La Grande Ville raconte l’histoire d’une famille vivant à Calcutta (la ville natale de Ray et la capitale historique du Bengale). Bombhol et sa femme Arati ont à leur charge deux enfants et les parents de Bombhol, qui subvient difficilement aux besoins du ménage. Face à ces difficultés financières, Arati décide de travailler. Elle devient représentante de commerce, s’épanouissant dans cet emploi. Mais au sein d’une société restée patriarcale, le choix d’Arati suscite la réprobation de ses beaux-parents, en particulier de son beau-père, et l’irritation de Bombhol. S’inquiétant de l’émancipation de sa femme, il la somme de démissionner. Or, un évènement imprévu survient : la banque où travaillait Bombhol fait faillite et il perd son travail.
Un an avant son superbe Charulata (1964), La Grande Ville donne à Ray l’occasion de peindre un beau portrait de femme avec la même actrice, Madhabi Mukherjee, qui exprime pleinement les interrogations de son personnage par son jeu concentré et frémissant. Arati décide de travailler non par principe ou volonté d’émancipation féminine, mais par pragmatisme, pour les autres, parce que les finances du ménage le réclament. Son courage lui permet de surmonter les préjugés et les jugements des hommes de sa famille, beau-père, mari, et même son fils, et de faire ce qui lui semble juste. Comme souvent dans ses films, Satyajit Ray filme les hommes comme des êtres velléitaires et facilement désoeuvrés, déstabilisés par la modernité, soutenus à bout de bras par des femmes émancipées qui ont du courage pour deux. Le vieux père de Bombhol, professeur à la retraite, est miné par le ressentiment : il ne supporte pas de voir son fils végéter dans son emploi quand lui-même fut un professeur admiré de ses élèves. Plaçant le sentiment de sa propre dignité au-dessus du reste, il se sent humilié quand Arati décide de travailler. Bombhol, d’une autre génération, est plus compréhensif, mais il craint le regard des autres sur sa femme, il a peur que dans la grande ville, elle finisse par lui échapper (voir la scène du rouge à lèvres). Ray accorde ainsi beaucoup d’importance aux échanges de regard : regards qui se reflètent dans un miroir ; regards qui se dissimulent derrière les voilages faisant office de cloisons dans l’appartement familial ; regards qui jugent autrui ; regards aimants et confiants dirigés vers l’avenir. Il filme Arati et sa famille avec trois fois rien, des champs-contrechamps simplement découpés, des plans fixes qui témoignent de l’attention qu’il leur porte.
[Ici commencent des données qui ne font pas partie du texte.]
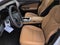 2026 Lexus NX NX 350h Luxury AWD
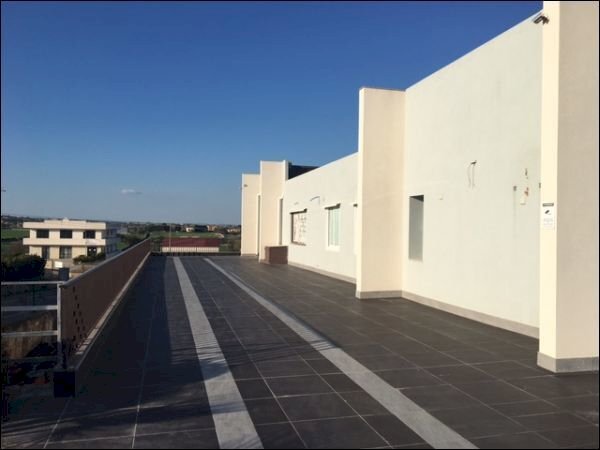 ESTERNO - Locale Commerciale Modica - foto 3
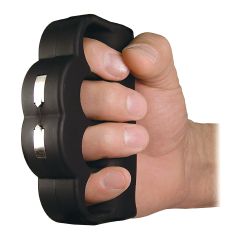 Jogging Stun Gun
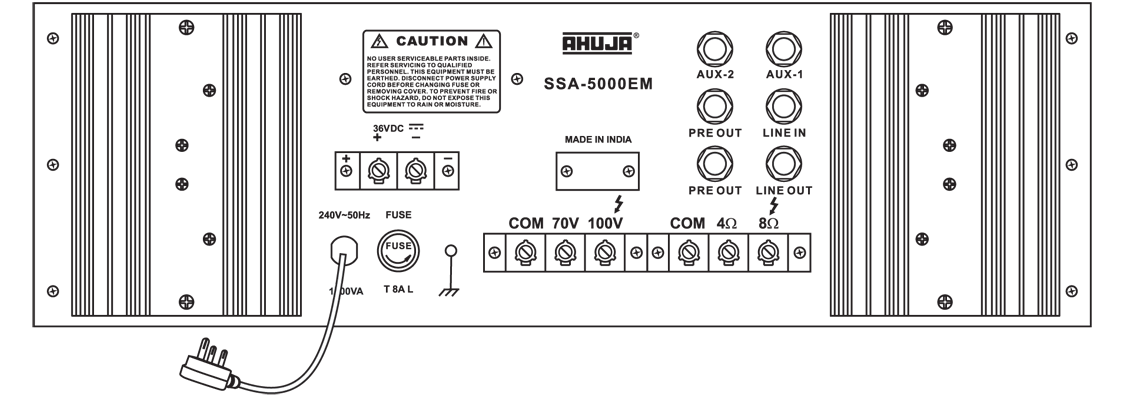 0010455_SSA-5000EM_BV.png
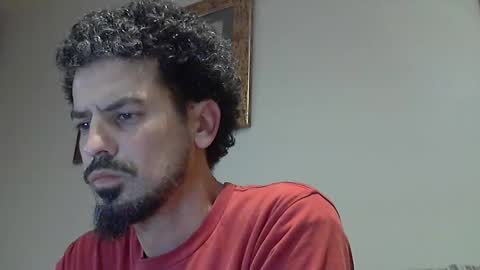 Alejandro Rulitos Twitter longnight55 Intagram 5longnight5 online show from April 15, 7:58 pm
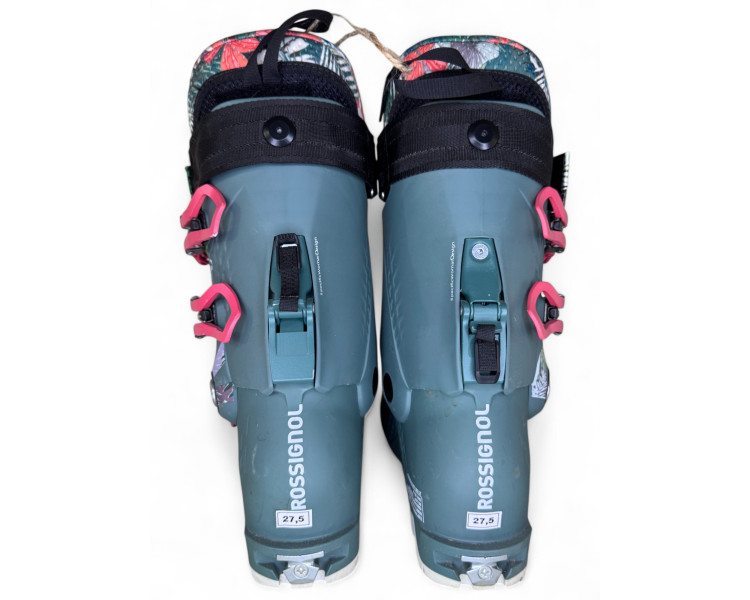 ROSSIGNOL ALL TRACK ELITE 100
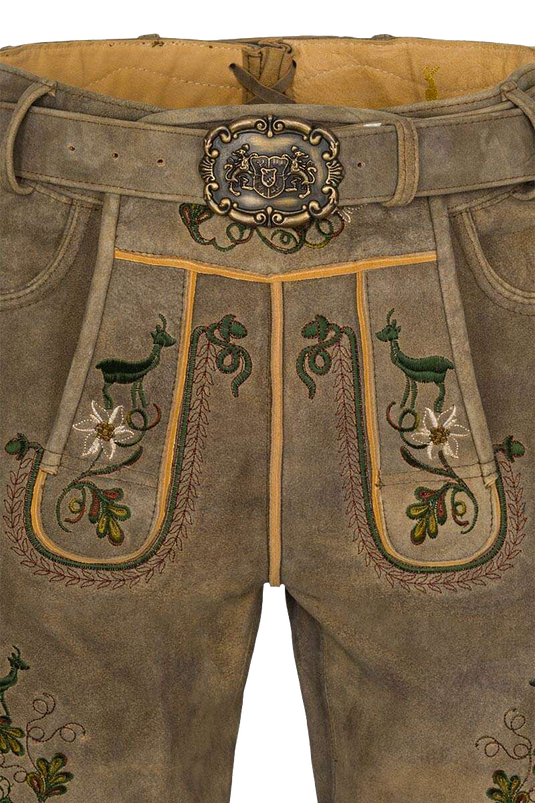 _KHAKI/GF-MULTI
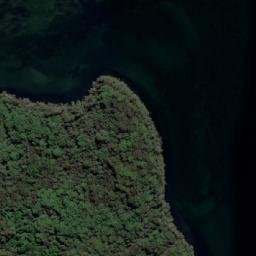 Satellite imagery of Violet Hill, AU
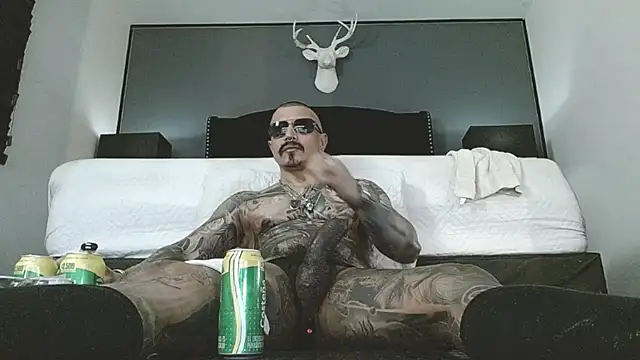 Snapshot of danilog515 chatting on April 2026 06:24:01 AM danilog515 online show from April 2026 06:24:01 AM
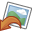 Rotate,Left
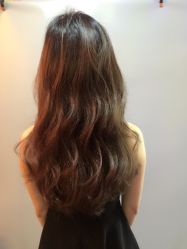 -BM SALON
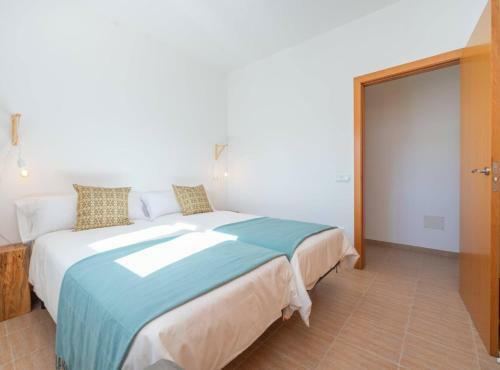 Villa Sa Planeta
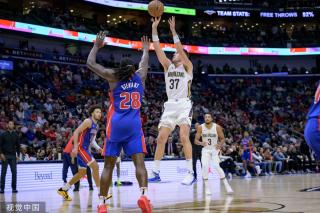 战术的深刻 战术的深刻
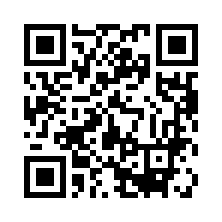 QR Code for 1HyEnydYCohWxPrX9D2S3BeC4owKuTwfbf
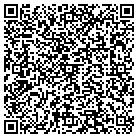 QR code with Bultman Richard J MD contacts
Malgré ce contexte sociologique et culturel particulier, La Grande Ville n’est pas un film circonscrit dans le temps et cantonné à la question de l’émancipation des femmes indiennes. Ray a écrit (voir notamment le recueil de textes récemment publié sous le nom J’aurais voulu pouvoir vous les montrer) qu’il aimerait que l’on décrive ses films comme « intemporels« . De là, sa défiance instinctive envers les idéologies et les prétendues avant-gardes. Comme dans tous ses grands films, cette intemporalité espérée, il l’atteint dans La Grande Ville, qui interroge la place de chacun dans la société et dans la famille. Dépassant cette problématique, le film finit même par aborder la question du nationalisme dans la société indienne à travers le personnage de l’employée anglo-indienne. Discriminée par son patron bengali à cause de ses origines, elle est la cause d’une juste fureur d’Arati. Car en faisant le choix de travailler (voilà le vrai legs de la modernité, la capacité de faire des choix individuels), Arati défendait non pas sa propre dignité mais la dignité de tous. Ce n’était pas le capitalisme et la modernité qu’avait à craindre l’Inde, c’était le nationalisme, un poison qui prospère dans l’Inde d’aujourd’hui où les discriminations et les inégalités socio-culturelles sont nombreuses. Satyajit Ray, cinéaste intemporel, reste notre contemporain.
Strum
PS : Le film fut également exploité sous le nom La Grande Cité.
Merci pour ce retour sur le grand cinéaste indien. Il faudrait que je dépasse les trois ou quatre films que je connais, Le salon de musique, Les joueurs d’échecs, Le visiteur, quelques très très lointaines images de la trilogie. Il faudrait.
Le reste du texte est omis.